Fig. 3: Effectiveness of the adaptive mutual distillation techniques in FedKD.
figure 3

The mean results with 95% confidence intervals are presented (n = 5 independent experiments). We compare the results by removing the adaptive hidden loss, adaptive mutual distillation loss or the adaptive loss weighting method from FedKD. Adaptive hidden loss: the distillation loss function that aims to transfer knowledge encoded by the hidden states and intermediate results of models, where the loss intensity is weighted by the prediction loss of mentee and mentor models. Adaptive MD loss: the distillation loss function that aims to distill knowledge from the output soft labels of models, and its intensity is also controlled by the prediction loss. Adaptive loss weighting: the mechanism that weights the two distillation losses based on the summation of cross-entropy losses of the mentor and mentee models. We find the performance drops when either of them is removed, which verifies their contributions to federated model learning and distillation.

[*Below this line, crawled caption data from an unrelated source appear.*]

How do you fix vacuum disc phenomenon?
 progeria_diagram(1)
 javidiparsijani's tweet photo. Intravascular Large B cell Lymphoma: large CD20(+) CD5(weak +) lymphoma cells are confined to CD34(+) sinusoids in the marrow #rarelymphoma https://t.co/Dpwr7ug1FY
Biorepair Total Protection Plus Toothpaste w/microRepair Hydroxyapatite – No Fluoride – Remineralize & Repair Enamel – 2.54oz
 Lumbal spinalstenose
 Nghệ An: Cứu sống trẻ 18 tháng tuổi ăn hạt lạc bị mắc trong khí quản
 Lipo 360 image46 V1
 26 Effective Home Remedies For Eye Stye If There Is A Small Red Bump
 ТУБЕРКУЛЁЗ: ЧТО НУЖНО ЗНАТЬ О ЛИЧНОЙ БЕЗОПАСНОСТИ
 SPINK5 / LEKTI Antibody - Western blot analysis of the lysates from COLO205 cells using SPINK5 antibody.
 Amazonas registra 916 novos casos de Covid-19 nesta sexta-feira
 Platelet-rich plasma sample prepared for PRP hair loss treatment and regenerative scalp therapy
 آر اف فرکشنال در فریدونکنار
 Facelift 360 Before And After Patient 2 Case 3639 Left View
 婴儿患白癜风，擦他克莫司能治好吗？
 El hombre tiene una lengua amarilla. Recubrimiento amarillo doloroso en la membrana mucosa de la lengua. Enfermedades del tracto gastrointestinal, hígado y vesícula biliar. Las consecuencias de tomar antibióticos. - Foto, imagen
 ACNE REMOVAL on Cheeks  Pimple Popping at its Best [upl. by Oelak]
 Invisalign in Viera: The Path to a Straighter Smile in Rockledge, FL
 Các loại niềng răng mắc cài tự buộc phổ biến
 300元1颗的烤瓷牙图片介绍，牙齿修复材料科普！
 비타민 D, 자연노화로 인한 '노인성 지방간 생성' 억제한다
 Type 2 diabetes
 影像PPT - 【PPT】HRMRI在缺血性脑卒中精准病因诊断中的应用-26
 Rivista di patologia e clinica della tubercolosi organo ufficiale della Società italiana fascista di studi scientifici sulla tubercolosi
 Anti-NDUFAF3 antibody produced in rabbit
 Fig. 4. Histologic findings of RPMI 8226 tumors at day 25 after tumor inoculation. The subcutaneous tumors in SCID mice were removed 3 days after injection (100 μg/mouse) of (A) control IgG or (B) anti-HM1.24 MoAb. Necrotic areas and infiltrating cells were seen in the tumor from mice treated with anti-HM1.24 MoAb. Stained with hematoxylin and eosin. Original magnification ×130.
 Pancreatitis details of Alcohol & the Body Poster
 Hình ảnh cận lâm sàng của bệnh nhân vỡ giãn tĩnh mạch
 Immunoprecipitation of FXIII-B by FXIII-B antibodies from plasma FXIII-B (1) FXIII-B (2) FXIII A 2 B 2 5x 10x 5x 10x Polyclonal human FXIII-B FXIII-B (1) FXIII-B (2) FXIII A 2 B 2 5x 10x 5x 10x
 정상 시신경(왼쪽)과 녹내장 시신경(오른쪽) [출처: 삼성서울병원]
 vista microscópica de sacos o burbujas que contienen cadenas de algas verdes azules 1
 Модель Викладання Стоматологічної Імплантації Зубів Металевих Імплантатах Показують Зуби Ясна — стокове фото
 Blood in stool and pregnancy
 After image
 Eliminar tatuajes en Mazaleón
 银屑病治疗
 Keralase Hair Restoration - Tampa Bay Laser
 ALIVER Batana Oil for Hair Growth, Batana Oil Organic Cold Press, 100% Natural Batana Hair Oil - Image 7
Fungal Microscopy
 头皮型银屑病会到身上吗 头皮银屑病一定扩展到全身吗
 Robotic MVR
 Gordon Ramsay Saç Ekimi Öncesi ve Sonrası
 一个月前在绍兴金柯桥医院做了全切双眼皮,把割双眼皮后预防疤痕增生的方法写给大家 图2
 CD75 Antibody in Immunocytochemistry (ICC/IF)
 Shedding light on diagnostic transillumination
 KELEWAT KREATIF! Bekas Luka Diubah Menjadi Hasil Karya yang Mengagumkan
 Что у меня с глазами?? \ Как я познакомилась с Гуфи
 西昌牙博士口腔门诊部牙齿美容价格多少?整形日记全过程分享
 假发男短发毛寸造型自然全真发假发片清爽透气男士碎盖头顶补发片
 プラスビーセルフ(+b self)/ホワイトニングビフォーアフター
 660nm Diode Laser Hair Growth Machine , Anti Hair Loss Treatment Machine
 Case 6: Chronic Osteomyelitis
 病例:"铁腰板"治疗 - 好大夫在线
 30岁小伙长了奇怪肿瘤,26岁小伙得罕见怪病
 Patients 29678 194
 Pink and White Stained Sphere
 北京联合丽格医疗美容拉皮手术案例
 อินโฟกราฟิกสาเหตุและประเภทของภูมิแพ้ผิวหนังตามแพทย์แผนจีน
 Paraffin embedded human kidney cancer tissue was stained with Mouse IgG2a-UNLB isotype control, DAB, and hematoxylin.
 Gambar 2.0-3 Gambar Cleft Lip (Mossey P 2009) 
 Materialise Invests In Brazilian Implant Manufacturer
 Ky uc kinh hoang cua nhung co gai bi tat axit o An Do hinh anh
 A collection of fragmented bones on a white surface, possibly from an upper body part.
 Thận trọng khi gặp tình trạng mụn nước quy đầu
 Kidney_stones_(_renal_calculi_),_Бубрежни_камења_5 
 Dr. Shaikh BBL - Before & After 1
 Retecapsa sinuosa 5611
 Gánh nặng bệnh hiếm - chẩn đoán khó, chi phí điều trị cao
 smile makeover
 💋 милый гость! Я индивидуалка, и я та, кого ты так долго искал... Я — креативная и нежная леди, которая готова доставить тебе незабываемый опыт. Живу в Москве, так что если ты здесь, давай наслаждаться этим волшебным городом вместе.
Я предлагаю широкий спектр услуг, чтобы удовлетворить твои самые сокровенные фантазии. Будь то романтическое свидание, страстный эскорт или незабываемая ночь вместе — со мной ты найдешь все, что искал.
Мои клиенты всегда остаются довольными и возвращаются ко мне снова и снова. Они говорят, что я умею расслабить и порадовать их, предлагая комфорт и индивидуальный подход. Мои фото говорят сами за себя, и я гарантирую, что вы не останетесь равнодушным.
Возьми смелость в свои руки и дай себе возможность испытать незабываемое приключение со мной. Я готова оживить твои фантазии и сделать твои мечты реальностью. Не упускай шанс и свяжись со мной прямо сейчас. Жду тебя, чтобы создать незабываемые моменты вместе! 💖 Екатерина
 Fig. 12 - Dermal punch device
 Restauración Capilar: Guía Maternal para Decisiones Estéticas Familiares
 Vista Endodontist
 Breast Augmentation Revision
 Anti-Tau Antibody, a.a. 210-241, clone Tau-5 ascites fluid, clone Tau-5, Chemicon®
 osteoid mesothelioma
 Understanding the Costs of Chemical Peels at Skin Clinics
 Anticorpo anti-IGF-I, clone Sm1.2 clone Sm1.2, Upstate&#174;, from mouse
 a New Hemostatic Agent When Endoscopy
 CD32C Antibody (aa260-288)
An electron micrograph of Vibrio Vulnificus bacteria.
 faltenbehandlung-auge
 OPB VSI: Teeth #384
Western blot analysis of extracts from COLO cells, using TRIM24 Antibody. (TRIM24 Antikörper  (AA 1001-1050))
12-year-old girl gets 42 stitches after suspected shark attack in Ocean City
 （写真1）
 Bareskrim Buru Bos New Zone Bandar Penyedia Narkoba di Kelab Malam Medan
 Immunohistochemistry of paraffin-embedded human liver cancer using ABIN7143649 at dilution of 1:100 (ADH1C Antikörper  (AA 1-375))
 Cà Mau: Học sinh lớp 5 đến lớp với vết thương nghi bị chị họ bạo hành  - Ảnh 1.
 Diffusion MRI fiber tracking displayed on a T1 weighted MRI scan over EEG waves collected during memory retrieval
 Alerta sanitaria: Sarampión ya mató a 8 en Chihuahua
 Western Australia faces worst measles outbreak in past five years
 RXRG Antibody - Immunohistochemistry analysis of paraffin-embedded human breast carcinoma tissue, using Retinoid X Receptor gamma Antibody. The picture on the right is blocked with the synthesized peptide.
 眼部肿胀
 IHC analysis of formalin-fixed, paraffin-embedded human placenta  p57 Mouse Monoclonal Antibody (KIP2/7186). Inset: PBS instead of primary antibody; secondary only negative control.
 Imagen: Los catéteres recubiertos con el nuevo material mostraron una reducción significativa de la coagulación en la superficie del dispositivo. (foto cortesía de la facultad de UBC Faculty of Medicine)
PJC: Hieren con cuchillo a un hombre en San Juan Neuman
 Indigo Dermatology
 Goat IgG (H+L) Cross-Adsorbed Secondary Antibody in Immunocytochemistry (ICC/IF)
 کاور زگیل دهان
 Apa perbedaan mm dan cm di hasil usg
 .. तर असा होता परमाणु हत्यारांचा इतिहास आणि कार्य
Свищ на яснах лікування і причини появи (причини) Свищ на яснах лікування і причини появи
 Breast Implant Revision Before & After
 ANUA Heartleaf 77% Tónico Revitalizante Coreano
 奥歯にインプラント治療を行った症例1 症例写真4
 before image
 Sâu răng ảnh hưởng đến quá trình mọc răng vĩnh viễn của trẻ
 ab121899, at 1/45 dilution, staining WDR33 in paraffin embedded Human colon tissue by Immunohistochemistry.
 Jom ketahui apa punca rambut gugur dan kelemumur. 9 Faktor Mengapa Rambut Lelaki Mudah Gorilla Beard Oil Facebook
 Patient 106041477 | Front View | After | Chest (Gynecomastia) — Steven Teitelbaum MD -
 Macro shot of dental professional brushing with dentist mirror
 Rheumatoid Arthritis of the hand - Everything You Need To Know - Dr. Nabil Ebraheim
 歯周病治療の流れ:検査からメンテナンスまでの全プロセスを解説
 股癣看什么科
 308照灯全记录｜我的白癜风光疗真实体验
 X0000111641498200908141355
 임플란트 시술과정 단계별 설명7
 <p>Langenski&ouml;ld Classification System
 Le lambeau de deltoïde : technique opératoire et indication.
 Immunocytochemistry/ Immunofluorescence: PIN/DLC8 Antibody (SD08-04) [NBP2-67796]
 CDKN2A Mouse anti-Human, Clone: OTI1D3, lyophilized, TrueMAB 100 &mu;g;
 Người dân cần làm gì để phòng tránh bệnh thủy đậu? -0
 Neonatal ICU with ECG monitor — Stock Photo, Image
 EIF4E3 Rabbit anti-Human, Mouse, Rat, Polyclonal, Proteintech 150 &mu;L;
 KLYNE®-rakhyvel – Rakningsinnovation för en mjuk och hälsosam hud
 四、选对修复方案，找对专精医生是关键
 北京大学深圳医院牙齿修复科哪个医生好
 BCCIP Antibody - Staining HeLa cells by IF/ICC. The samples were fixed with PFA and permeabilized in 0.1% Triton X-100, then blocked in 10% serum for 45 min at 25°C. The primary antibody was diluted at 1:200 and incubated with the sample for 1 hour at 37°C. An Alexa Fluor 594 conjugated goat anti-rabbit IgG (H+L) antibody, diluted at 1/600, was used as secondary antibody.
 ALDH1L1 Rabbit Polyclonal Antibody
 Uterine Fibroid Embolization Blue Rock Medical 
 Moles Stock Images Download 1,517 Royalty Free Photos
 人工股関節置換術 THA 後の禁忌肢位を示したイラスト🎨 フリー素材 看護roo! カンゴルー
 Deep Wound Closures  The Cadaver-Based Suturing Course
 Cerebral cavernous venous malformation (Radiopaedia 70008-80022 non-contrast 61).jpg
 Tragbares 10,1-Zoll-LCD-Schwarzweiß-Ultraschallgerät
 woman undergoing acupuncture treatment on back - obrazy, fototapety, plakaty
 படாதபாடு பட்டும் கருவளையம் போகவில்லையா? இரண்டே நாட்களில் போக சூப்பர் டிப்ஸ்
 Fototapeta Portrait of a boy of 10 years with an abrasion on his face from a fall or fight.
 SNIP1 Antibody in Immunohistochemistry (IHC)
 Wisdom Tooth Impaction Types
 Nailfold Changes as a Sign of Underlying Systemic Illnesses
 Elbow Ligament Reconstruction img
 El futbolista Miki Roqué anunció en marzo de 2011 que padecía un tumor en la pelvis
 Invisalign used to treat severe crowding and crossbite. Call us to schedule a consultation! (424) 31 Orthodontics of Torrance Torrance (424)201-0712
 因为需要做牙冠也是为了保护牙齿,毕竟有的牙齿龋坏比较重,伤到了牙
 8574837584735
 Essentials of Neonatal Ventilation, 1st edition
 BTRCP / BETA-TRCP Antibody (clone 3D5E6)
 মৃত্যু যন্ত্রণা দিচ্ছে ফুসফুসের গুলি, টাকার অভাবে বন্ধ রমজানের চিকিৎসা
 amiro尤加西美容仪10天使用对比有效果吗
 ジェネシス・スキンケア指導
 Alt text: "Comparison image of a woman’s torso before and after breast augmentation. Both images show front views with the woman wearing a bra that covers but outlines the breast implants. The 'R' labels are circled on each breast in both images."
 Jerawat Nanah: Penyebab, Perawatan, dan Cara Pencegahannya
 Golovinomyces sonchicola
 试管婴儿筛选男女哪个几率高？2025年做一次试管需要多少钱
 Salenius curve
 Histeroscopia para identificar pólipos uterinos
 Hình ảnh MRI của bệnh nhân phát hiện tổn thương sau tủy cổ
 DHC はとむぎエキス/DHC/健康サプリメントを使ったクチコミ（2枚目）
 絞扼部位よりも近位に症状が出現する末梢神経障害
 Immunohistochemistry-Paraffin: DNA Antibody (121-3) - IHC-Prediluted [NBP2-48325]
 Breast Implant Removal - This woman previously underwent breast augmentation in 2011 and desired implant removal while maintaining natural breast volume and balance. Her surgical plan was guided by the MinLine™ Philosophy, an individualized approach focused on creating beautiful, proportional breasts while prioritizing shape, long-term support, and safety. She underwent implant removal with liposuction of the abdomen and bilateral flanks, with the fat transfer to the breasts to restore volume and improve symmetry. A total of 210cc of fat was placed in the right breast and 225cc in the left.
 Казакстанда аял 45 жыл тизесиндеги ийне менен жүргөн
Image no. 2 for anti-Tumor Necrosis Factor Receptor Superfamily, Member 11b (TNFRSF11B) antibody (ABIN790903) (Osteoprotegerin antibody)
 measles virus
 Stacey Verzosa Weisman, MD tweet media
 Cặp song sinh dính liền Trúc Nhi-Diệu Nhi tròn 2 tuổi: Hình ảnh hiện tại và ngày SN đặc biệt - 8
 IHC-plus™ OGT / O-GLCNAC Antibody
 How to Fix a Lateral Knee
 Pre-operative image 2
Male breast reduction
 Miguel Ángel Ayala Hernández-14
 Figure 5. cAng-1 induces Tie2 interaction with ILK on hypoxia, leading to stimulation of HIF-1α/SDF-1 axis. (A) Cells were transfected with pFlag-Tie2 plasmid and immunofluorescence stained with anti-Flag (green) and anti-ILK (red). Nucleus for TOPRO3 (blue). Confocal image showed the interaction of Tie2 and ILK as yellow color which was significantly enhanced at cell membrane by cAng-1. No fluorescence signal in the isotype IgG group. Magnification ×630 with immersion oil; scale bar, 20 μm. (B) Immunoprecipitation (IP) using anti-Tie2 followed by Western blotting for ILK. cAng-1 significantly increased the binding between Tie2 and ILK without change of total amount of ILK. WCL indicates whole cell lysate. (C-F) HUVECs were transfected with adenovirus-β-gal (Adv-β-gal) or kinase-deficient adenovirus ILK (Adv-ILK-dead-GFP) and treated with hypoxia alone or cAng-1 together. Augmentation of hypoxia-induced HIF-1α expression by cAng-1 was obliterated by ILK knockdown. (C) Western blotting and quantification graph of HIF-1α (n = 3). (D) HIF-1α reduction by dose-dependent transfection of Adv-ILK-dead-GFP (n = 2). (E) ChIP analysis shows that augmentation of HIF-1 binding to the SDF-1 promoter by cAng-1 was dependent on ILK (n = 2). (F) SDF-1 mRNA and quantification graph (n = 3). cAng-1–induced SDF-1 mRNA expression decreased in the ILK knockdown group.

Analysis of dynamic gradient approximation

We then present some analysis of our proposed SVD-based gradient compression method with dynamic precision, which uses different singular value energy cutoff threshold T at different model training stages. We show the cumulative energy distributions of singular values of different parameter gradient matrices in the UniLM model (Fig. 4a, b). We find all kinds of parameter matrices in the model are low-rank, especially the parameters in the feed-forward network. This is because large deep learning models have the over-parameterization problem43, and thereby the model parameters are low-rank. Thus, the communication cost can be greatly reduced by compressing the low-rank gradient matrices. In addition, we find a new phenomenon that the singular value energy is more concentrated at the beginning than the end of training. This may be because when the model is not well tuned, the gradients may have more low frequency components that aim to push the model to converge more quickly. However, when the model gets to converge, the updates of model parameters are usually subtle, which yields more high-frequency components. We also show the evolution of the number of required singular values under T = 0.95 (Fig. 4c). Note that the model is trained in a centralized way to get a nearly continuous curve because FedKD only has a small number of updates. We can see that more singular values need to be retained to achieve the same energy threshold. Thus, we choose to set a higher energy threshold after more iterations to learn accurate models for FedKD (discussions on the selection of energy threshold are shown in Supplementary Fig. 2).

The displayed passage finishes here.